Caption-style text data:

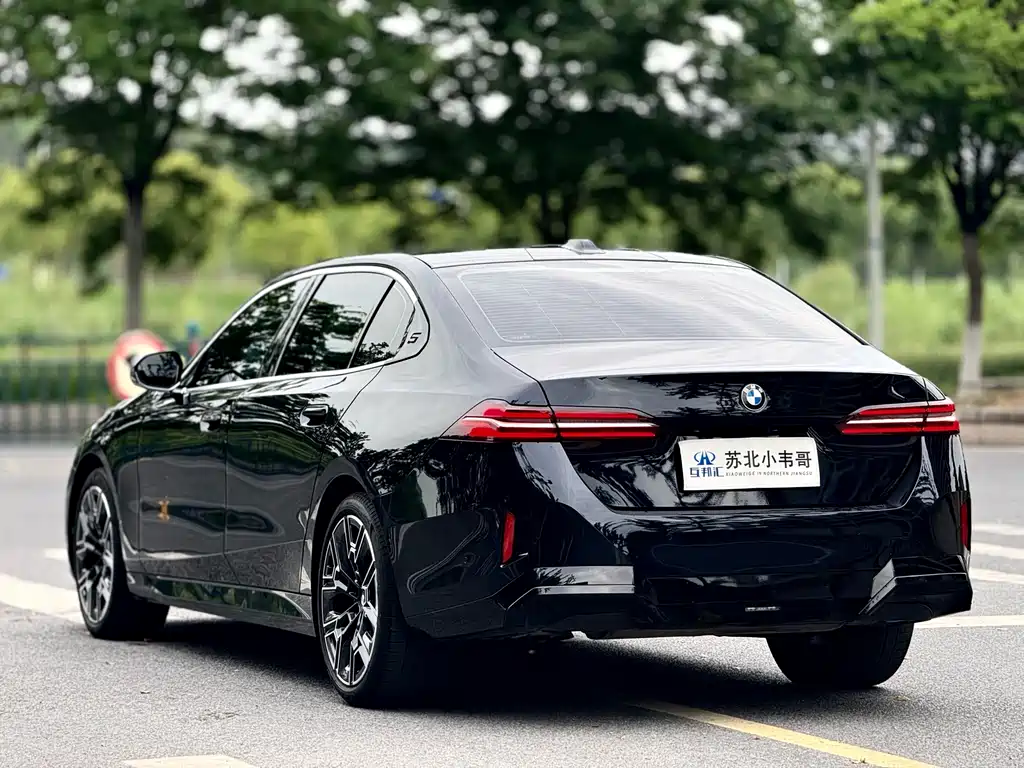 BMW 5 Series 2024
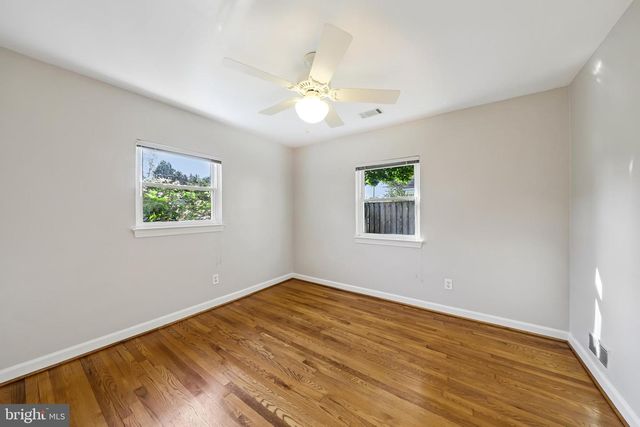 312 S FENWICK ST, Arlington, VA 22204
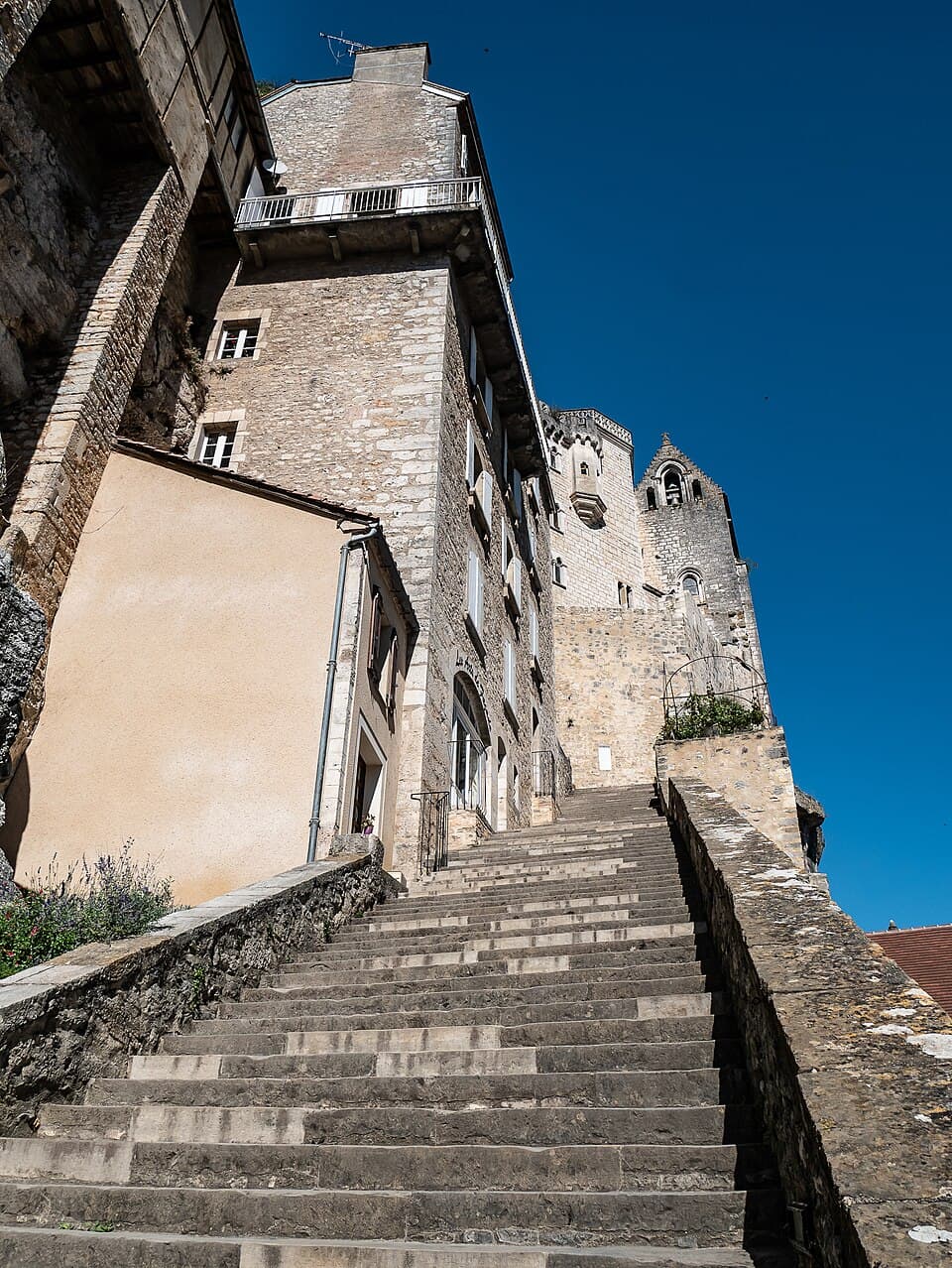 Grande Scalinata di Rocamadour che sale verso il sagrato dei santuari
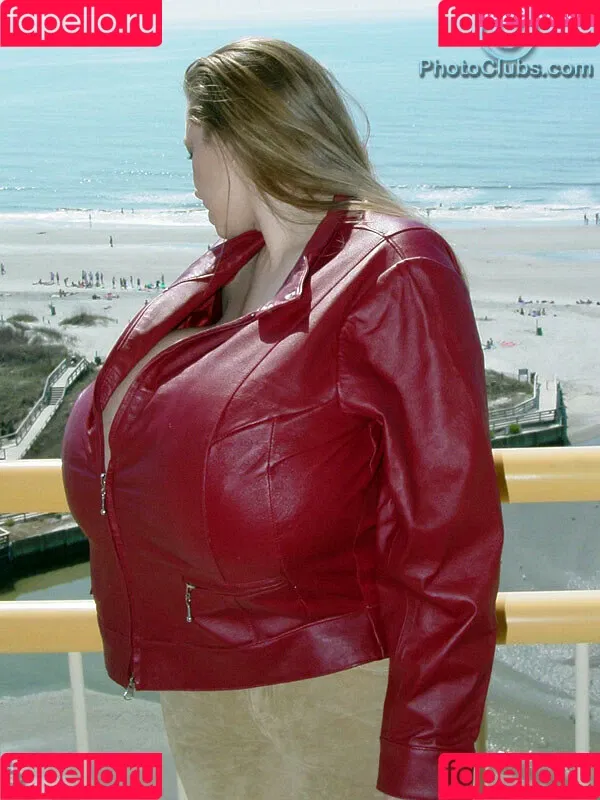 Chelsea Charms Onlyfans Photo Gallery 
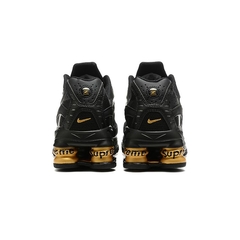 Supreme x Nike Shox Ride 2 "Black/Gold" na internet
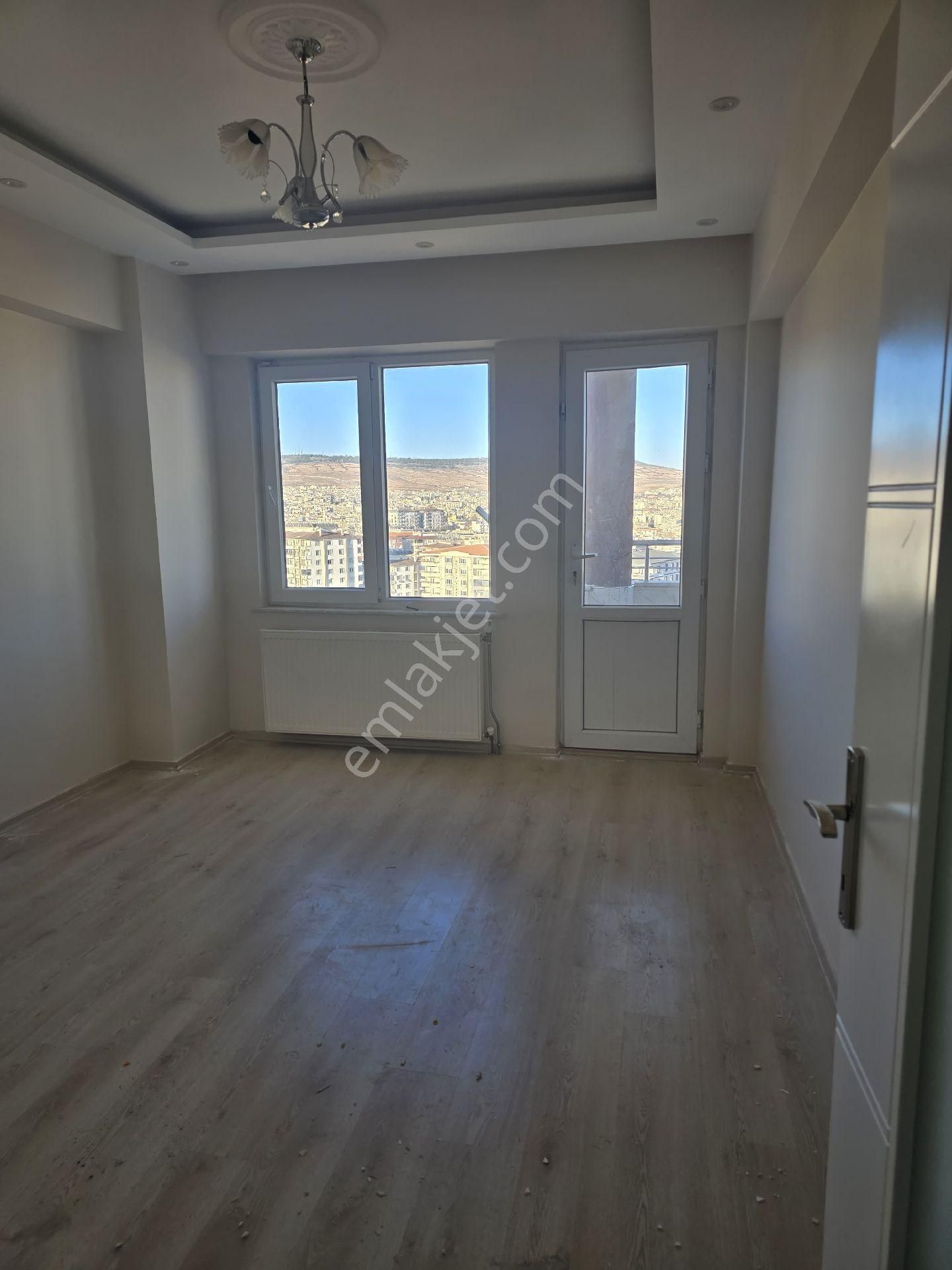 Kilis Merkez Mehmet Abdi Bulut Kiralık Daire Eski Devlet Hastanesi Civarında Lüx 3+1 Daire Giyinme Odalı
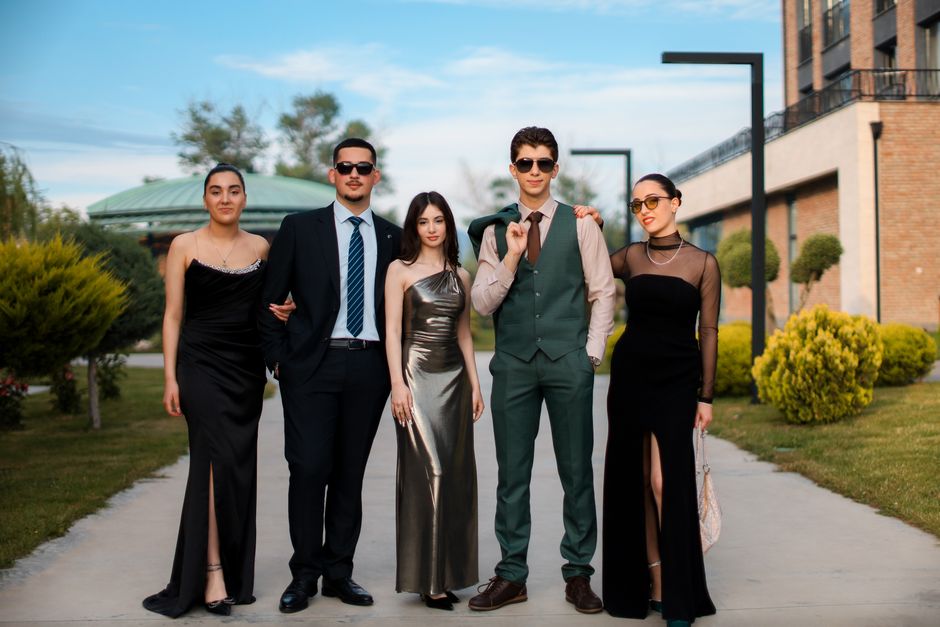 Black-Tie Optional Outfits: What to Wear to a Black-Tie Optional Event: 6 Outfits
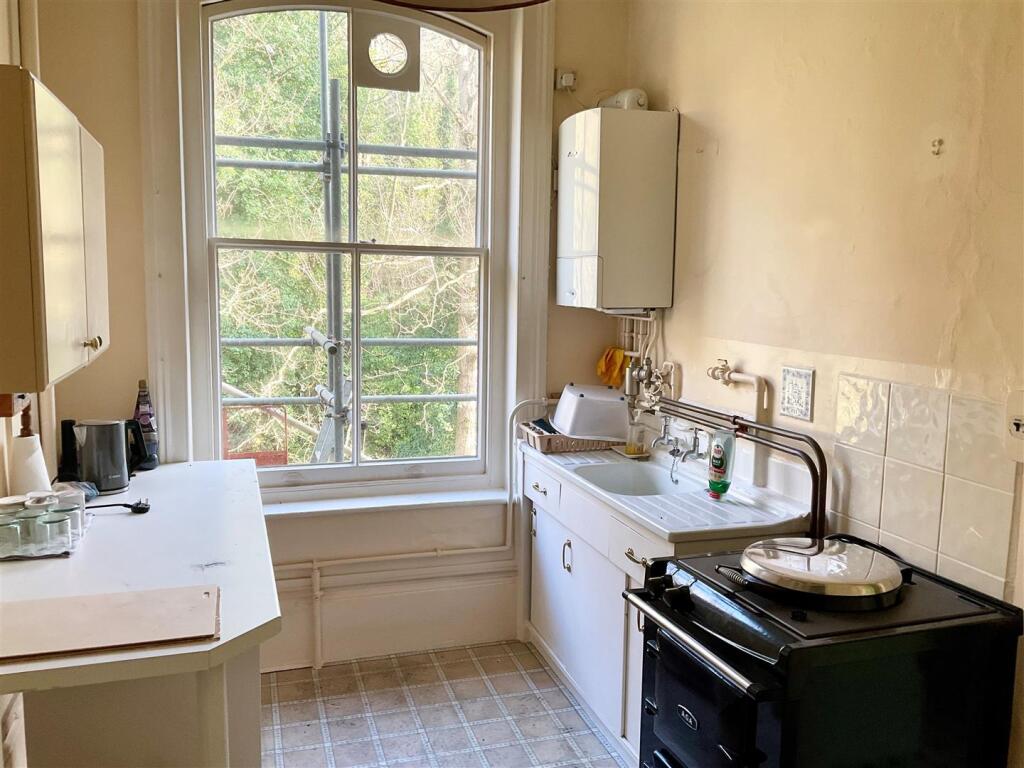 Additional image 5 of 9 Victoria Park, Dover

§ **Description of the task**
The lines to be quoted run from the line containing "Supreme x Nike" through the end of the entries above, both included; quote them exactly and leave out any pictures.

§ **Output**
 Supreme x Nike Shox Ride 2 "Black/Gold" na internet
 Kilis Merkez Mehmet Abdi Bulut Kiralık Daire Eski Devlet Hastanesi Civarında Lüx 3+1 Daire Giyinme Odalı
 Black-Tie Optional Outfits: What to Wear to a Black-Tie Optional Event: 6 Outfits
 Additional image 5 of 9 Victoria Park, Dover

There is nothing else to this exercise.